The schematics produced by Tektronix (at least, back in the day I was being taught by some of their best schematic drafters) are some of the more-respected as being well-drawn and understandable. And there is a reason for that. You can read a snippet of my own education by those schematic draftsmen at Tektronix who trained me by reading here.
I'll add an Appendix below that summarizes a few guidelines that those teachers directly taught in their classes. Some of them I'd learned on my own, too, and they simply hammered them into me better than before: "Don't bus power around." But some I hadn't learned on my own and yet instantly knew their importance once mentioned: "Treat your drafting paper as if conventional current flowed like a curtain from the top of the sheet on the drafting table downwards towards the bottom of the sheet and let signal flow from left to right across the sheet, as it uses that current flow to help marshal it along."
Redraw Your Schematic
Below, you'll see that I've gone through a series of thinking steps which respect the rules in the Appendix below. Reading from left-to-right across the schematics below, and then top-down, in that order you'll find the following:
- Step A to B: Add a ground, somewhere convenient. If a schematic doesn't have an indicated ground, you are allowed to place one on the schematic. You get to choose where. So if you are performing analysis, choose a convenient node and label it as zero (or ground.) If you don't mark such a node, then node voltages are impossible to assign, since you can add or subtract "a million" from all the nodes at once and change nothing at all about the schematic. So all you are doing is "tying down" the schematic, somewhere. And that is always legal to do, if the schematic doesn't already designate a place. Also, you are allowed to move the ground around to a different node, if it will help you in your analysis. So don't forget this power you have.
- Step B to C: Don't bus power around. In this case, since I just determined a node as ground, this means to remove the ground wires and just indicate them, separately, without the wire. It doesn't actually have to be a power rail in a realistic sense. It's enough that you've decided that it is a reference voltage. You don't bus "reference voltages" around, either. So the idea applies here.
- Step C to D: I'm allowed to change the order of series 2-terminal devices along a branch. In this case, it is very convenient to tether \$V_2\$ so that one end is "at ground." In the next step, you'll see why.

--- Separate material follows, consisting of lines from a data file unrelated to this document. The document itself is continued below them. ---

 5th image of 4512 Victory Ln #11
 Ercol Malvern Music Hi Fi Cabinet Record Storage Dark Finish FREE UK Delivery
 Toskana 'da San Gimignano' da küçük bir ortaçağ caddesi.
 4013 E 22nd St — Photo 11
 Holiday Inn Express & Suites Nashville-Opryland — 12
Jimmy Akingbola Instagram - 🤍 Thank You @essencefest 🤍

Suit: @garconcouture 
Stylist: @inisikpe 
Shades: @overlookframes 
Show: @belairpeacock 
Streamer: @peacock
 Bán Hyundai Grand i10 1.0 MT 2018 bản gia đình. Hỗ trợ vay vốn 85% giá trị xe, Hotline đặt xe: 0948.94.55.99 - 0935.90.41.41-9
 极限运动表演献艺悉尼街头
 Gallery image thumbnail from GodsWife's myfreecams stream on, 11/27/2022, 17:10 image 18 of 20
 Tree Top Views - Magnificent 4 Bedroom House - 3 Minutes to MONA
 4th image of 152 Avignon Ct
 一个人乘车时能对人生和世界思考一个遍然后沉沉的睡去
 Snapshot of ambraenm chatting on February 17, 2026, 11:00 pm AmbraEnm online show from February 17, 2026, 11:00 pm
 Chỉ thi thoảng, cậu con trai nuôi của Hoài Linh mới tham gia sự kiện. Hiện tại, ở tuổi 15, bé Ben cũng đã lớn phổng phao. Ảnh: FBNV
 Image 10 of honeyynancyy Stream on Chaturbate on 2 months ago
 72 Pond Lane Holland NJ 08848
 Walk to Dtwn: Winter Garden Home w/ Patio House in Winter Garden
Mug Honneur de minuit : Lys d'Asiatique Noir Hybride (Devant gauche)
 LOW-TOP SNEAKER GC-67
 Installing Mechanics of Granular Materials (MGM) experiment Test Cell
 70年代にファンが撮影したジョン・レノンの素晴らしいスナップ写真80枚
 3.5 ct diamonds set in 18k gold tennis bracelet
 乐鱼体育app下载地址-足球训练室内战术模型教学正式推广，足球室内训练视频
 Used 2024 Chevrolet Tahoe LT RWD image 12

- Step D to E: Again, following don't bus power around, I've replaced the known voltages at certain nodes with nothing more than yet another "flag" that annotates that fact. This get's rid of the explicit voltage source symbol and that helps reduce clutter, which itself helps you better understand your analysis steps.
- Step E to F: Arrange conventional current to flow from top of sheet to bottom of sheet. This final step is just about re-orienting the schematic a bit. But it helps a lot, just the same.
simulate this circuit – Schematic created using CircuitLab
Now that you are at F, you can see that there is really only one important node voltage that is unknown, \$V_X\$. This can easily be solved by using the following KCL:
$$\begin{align*} \begin{array}{c} {V_X}\vphantom{\frac{V_1}{R_1}} \end{array} && \overbrace{ \begin{array}{r} \frac{V_X}{R_1+R_2} + \frac{V_X}{R_3} + \frac{V_X}{R_4} \end{array} }^{\text{outflowing currents}} & \begin{array}{c} &\quad{=}\vphantom{\frac{V_1}{R_1}} \end{array} & \overbrace{ \begin{array}{l} \frac{V_1}{R_1+R_2} + \frac{0\:\text{V}}{R_3} + \frac{V_2}{R_4} \end{array} }^{\text{inflowing currents}} \end{align*}$$
If you solve that for \$V_X\$, which is just simple algebra to achieve, then you have enough information to answer other questions, as well. (See KCL Addendum below for a short explanation about setting up the above equation.)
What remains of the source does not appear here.